DIRECTIONS FOR THIS TASK.
For this exercise, restate word for word only the lines from the one containing "Stripe 條紋羊毛衫(藍)" through the last line below. Pictures do not get copied.

GIVEN MATERIAL.
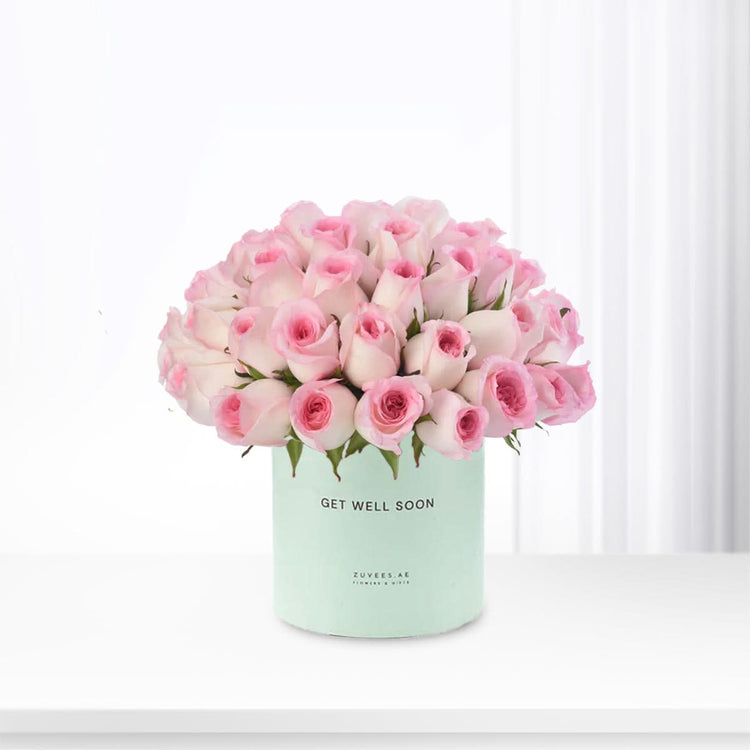51 Blush Roses Get Well Soon Vase - Zuvees.ae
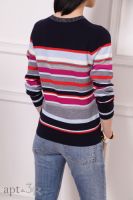 Stripe 條紋羊毛衫(藍)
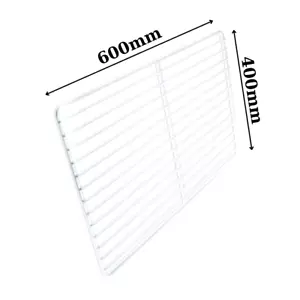 UNIVERSAL PLASTIC COATED STEEL WIRE FOOD SAFE FRIDGE FREEZER SHELF 600mm X 400mm - Picture 1 of 1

PROBLEM SOLUTION.
 Stripe 條紋羊毛衫(藍)
 UNIVERSAL PLASTIC COATED STEEL WIRE FOOD SAFE FRIDGE FREEZER SHELF 600mm X 400mm - Picture 1 of 1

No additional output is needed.